CVD Risk Calculators: Worth the Effort?
Abstract & Commentary
By Michael H. Crawford, MD, Editor
Source: Allan GM, et al. Agreement among cardiovascular disease risk calculations. Circulation 2013;127:1948-1956.
Cardiovascular disease (CVD) risk calculators are frequently used by clinicians to guide patient management. Unfortunately, there are more than 100 risk calculators and smaller studies have shown insistencies between them. Thus, this group of investigators from Edmonton, Alberta, Canada, studied 25 calculators from eight mainly English-speaking countries that used a range of different databases, formats, and variables. All included age, sex, smoking, blood pressure, total cholesterol, and HDL cholesterol. Diabetes was included in 18. Hypothetical patients were used to create 128 unique test subjects to which all the calculators were applied. Since some of the calculators used 5-year risk and others 10-year risk, the subjects were divided into high, medium, and low risk. In nine calculators, 10-year absolute risk was provided and compared for each subject. Each calculator was used by two investigators and agreement in risk calculation was 95%. Half the disagreement was due to errors in the calculators and half from data entry errors. The 128 patients were categorized in a mean of 2.2 risk groups with 41% crossing all three categories. The pooled concordance in risk category assignment for all paired comparisons of calculators was 67%, less for diabetes subjects, 64% vs 73% for non-diabetics. Limiting the analysis to the 10-year risk calculators did not improve concordance, 70% overall. When only the nine Framingham-derived calculators were used, overall concordance was better at 89%. When the absolute 10-year risk calculators were compared, the average calculated risk was 4-5 times higher than the lowest risk calculated for the same subject. This effect was most pronounced in those with the highest calculated risk. The authors concluded that the demonstrated inconsistency between calculators is a clinically relevant limitation to their use.

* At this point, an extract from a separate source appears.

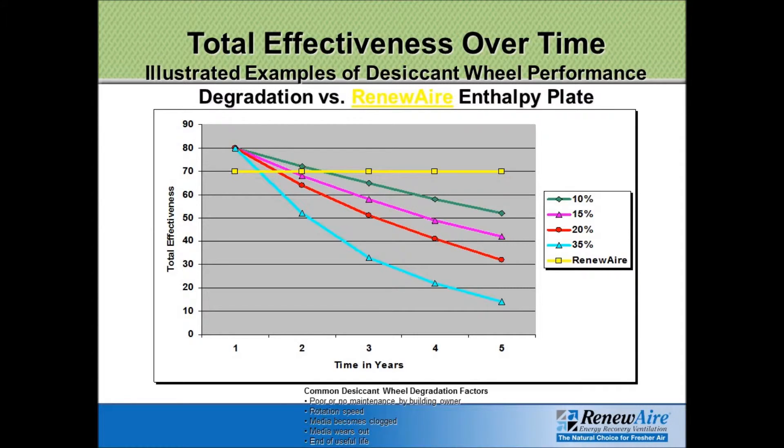With the Renew Air unit out of the box, when first installed, the efficiency — especially on the latent side — is slightly less than what you will get with a desiccant wheel type unit. However, when you're comparing 70% to, say, 65%, it's not quite the same, but that 65% is nothing to sneeze at. It's very, very impressive.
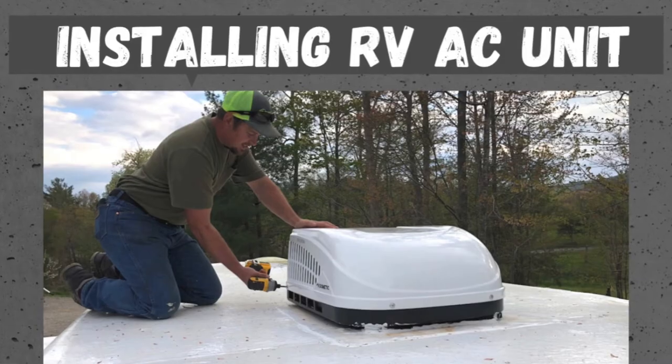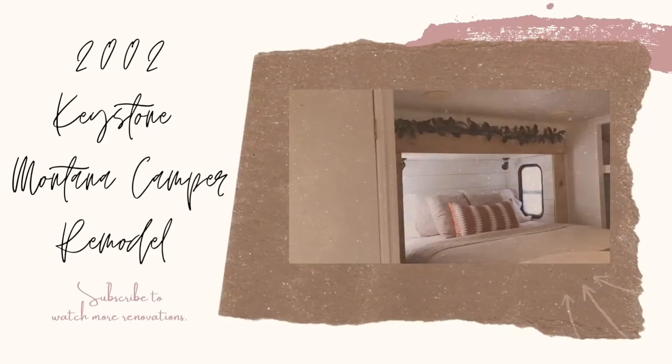Thank you so much for watching. If you haven't already, please subscribe to my channel and give this video a thumbs up. Be on the lookout for a full camper renovation video I'll be releasing shortly — I've been working on my camper for about three months and I'm excited to share it. Also check out my channel for other renovation videos, including replacing the air conditioning unit, redoing the roof, and a full master bedroom renovation.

This study shows that if you compare any two of 25 risk calculators, the assignment of the patient’s risk category (low, medium, high) will be different about one-third of the time. By sticking to calculators estimating 10-year Framingham risk, agreement increases to 89%. However, it is well known that the Framingham population is almost all Caucasians, so this degree of concordance may not be found with other populations. In fact, most of the calculators used in this study originated from English-speaking countries, so their concordance may be worse in other populations. The reasons for these discrepancies are not elucidated in the study, but likely come from different databases, different CVD endpoints, and the mathematical algorithms employed by each calculator. Using calculators that estimate absolute risk didn’t improve the agreement between calculators, nor did selecting the calculators that provided the risk of only hard endpoints such as myocardial infarction and cardiac death. This data is concerning because most guidelines recommend using risk calculators even though there is no evidence that their use improves outcomes.
Surveys of physicians show that 25-50% use risk calculators. Non-use reasons include lack of time, belief that the information is not helpful, belief that calculators oversimplify things, and belief that they can accurately predict risk subjectively. One study evaluating the accuracy of physicians’ subjective assessment vs the Framingham database showed that physicians were 71% accurate; four risk calculators came in at 66-81%, which supports physicians’ belief in themselves. I am one of the non-believers and don’t use risk calculators for all the reasons above, plus some patients fixate on their score.
One limitation of this study is that the hypothetical patients were higher risk than most primary care populations and calculated risk concordance decreased with higher risk patients. One could argue that once a patient is categorized as high risk, wide variability among calculators is moot. However, of the 28 subjects in this study who were assigned the same risk category by all 25 calculators, 79% were high risk. So, it would seem that most of the variability was actually in the low- and moderate-risk subjects. Other studies have suggested that most risk calculators overestimate risk in primary care populations. So if you are going to use risk calculators, the authors suggest that you use one targeted to your patient population and keep in mind that the results are a rough estimate.